Twice a year, The Herbfarm opens phone lines for reservations, and lines are always jammed to get one of the seats for the nine-course, five-wine dinners and six-course lunches, served Fridays and Saturdays, and sometimes Thursdays at this time of year.
A few places are held open each week, and gourmands often fly in from around the world if they snag one of those rare places at the table. There hasn't been an unbooked table in a decade.
More than 100,000 guests a year visit the 12-acre garden, which is packed every weekend with customers who come simply to browse through the offerings of foods, plants and gifts or attend weekend festivals.
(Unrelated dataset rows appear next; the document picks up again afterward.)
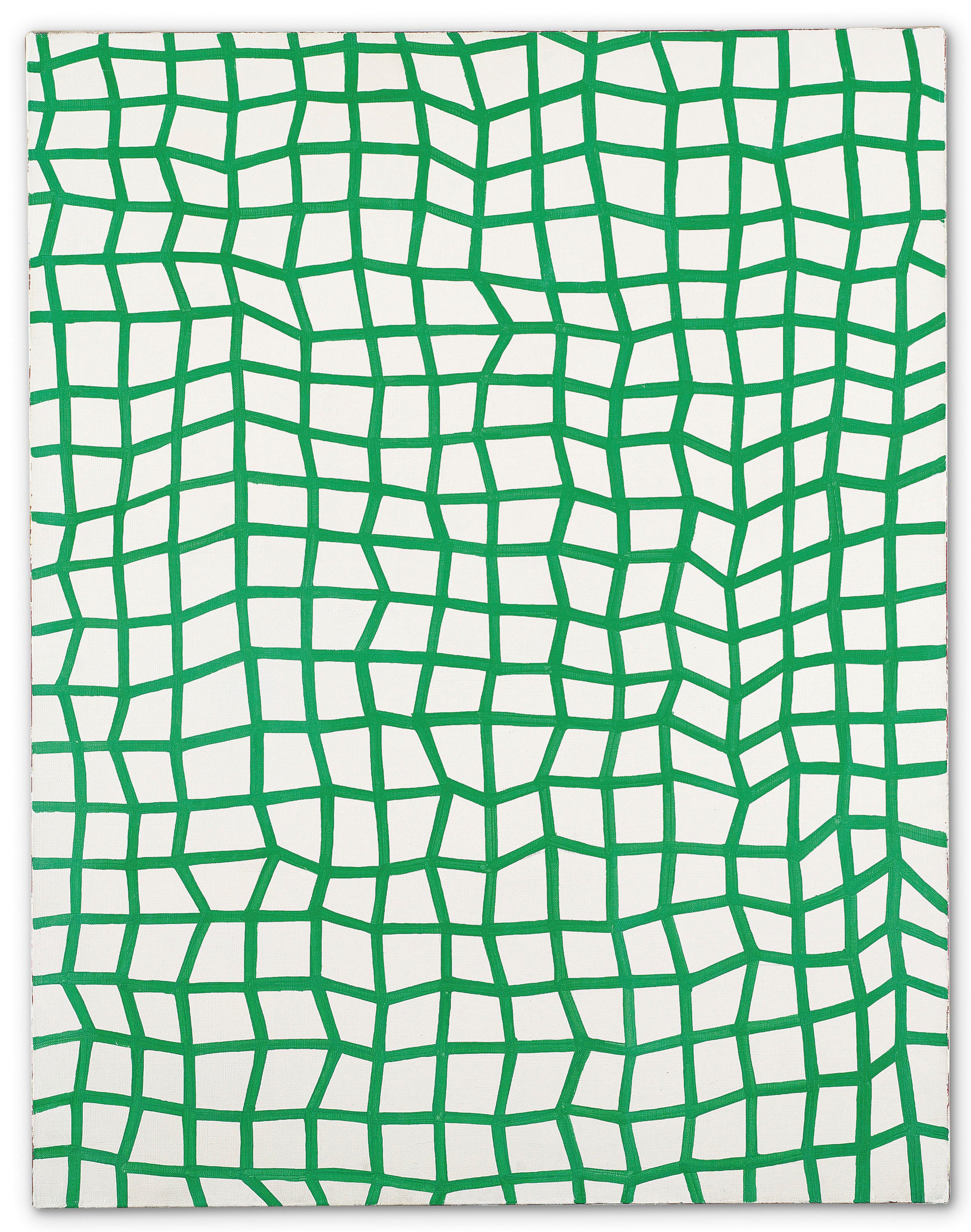 Yayoi Kusama (b. 1929)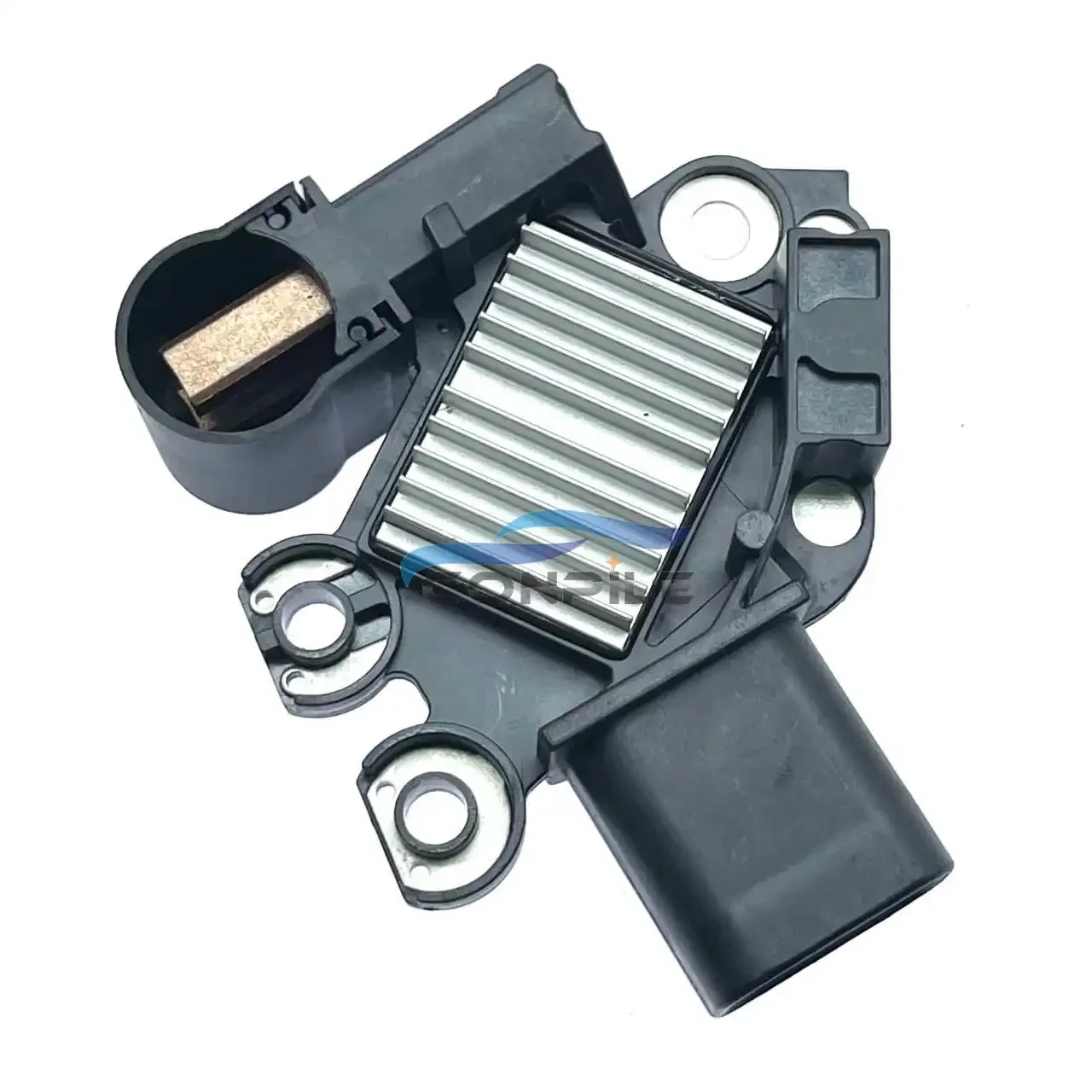 

Для Hyundai New Elantra verna i30 Fcrte forte K2 Tucson автомобильный регулятор генератора Valeo 2-контактный разъем выпрямителя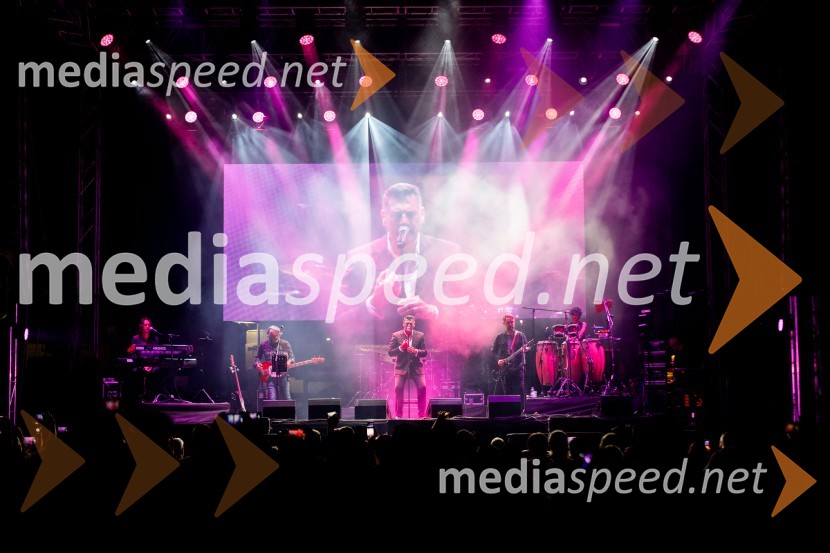  Tony Hadley , ex. Spandau BalletFestival Pivo in cvetje 2024, petek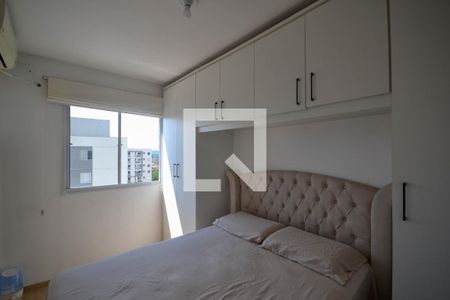Quarto 1 de apartamento para alugar com 2 quartos, 40m² em Ouro Verde, Nova Iguaçu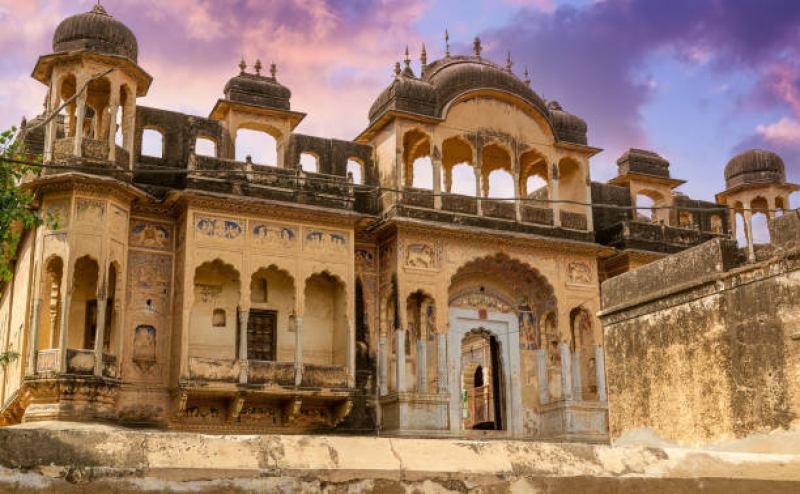 Rajasthan Grand Heritage Tour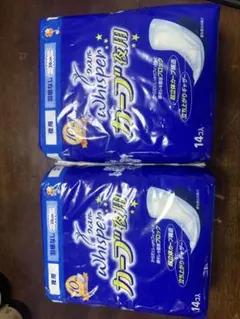 2025年最新】ウイスパー生理用ナプキン 夜用の人気アイテム - メルカリ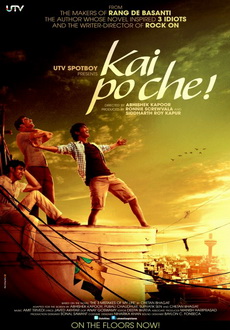 "Kai Po Che!" (2013) DVDRiP.XviD-D3Si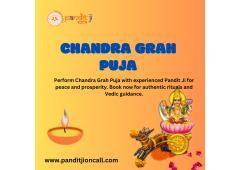 Pandit Ji On Call – Chandra Bhagawan Puja Services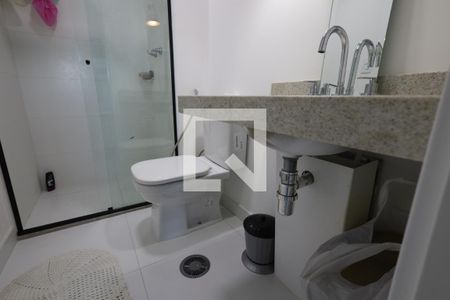 Apartamento à venda com 87m², 3 quartos e 2 vagasBanheiro 3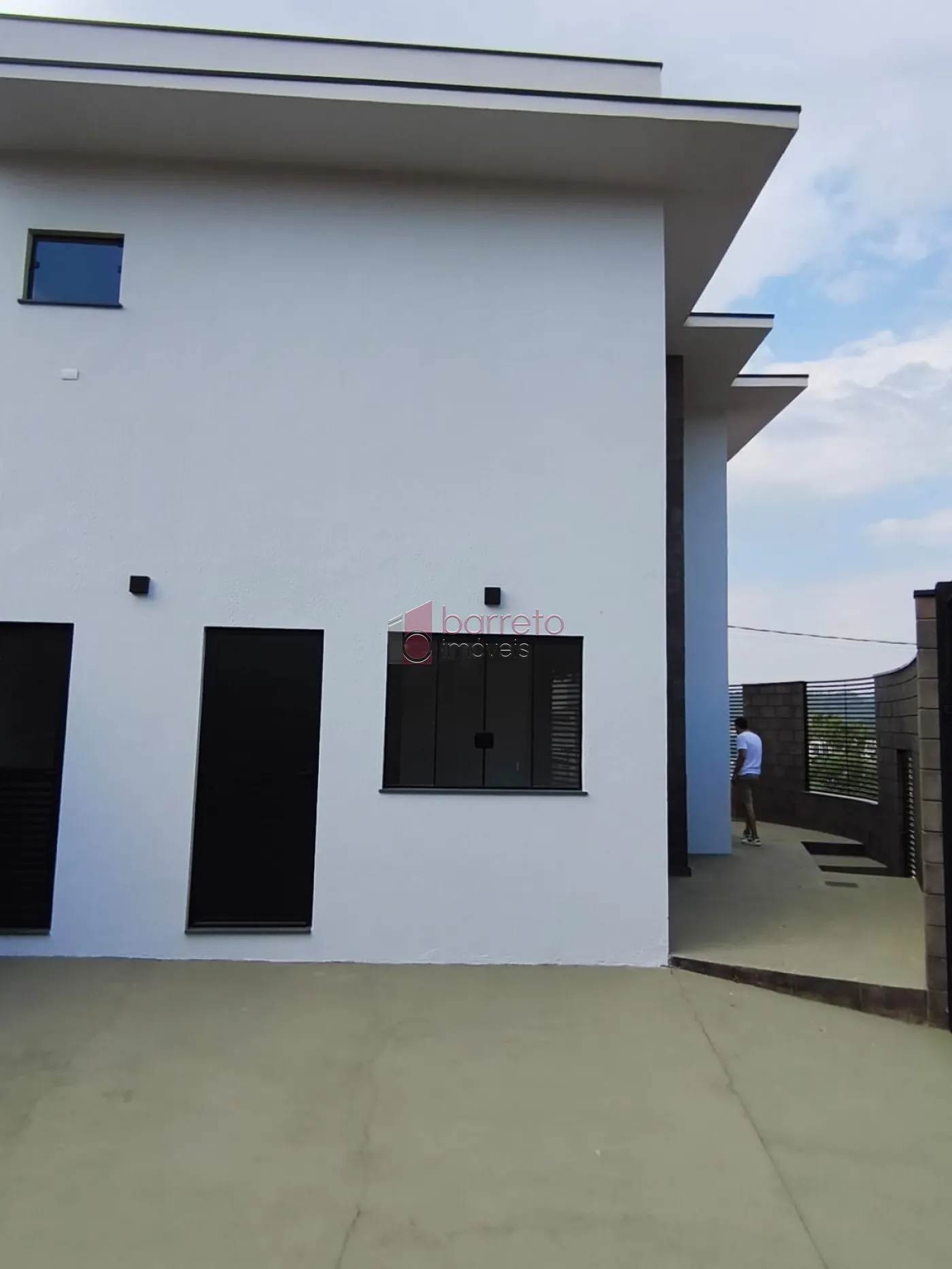CASA SOBRADO À VENDA NO JARDIM MARAMBAIA EM JUNDIAÍ/SP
The tiny Victorian dining room, which seated 30, opened to the kitchen so guests could watch chef Jerry Traunfeld and his staff prepare courses. The prix-fixe meals were $65 per person for lunch and $129-150 for the five-hour dinners.
Ron Zimmerman and Van Dyck strolled among the diners, sharing culinary knowledge and herbal lore with the guests.
Menus were based on themes, such as "A Medley of Creatures from the Sea," with courses like wild matsutake mushrooms and local shellfish floating in a lemon-thyme-flavored consomme.
A touch of creation
Most of all, the award-winning restaurant had become famous for innovative recipes and an elaborate presentation based on seasonal Northwest foods. Traunfeld's delicacies have included sorbets made from Douglas-fir needles or lemon verbena.
"From the beginning, Ron Zimmerman and Traunfeld, his chef, were dedicated to an absolute purity of ingredients, especially fresh herbs and vegetables, and using them in imaginative combinations," said Seattle Times restaurant reviewer John Hinterberger.
"It's being described by officials as a total loss, but it really isn't a loss at all. The essential genius of The Herbfarm resides in its people, its creators, and they're all intact," Hinterberger said.
"They haven't lost any of their magic ingredients, just a somewhat small wooden facility that can easily be replaced."
`Grandfather' could die
But replacing the converted 1917 bungalow may not be easy.
Van Dyck said the loss was insured, but it may still be impossible to reopen The Herbfarm operation at its Fall City location.
That's because the business has been operating in an area zoned for residential properties and had come to be "grandfathered in" because it had been there so long.
Unless a conditional-use permit is granted, Van Dyck said, The Herbfarm may not be allowed to rebuild. If such a permit is denied, she added, the business probably would have to relocate outside of King County.
"I'm feeling like I can't believe it," she said. "I watched the last 10 years of my life go up in flames."
Bill Zimmerman, 79, who lives next door to the restaurant, made one of several calls about the fire.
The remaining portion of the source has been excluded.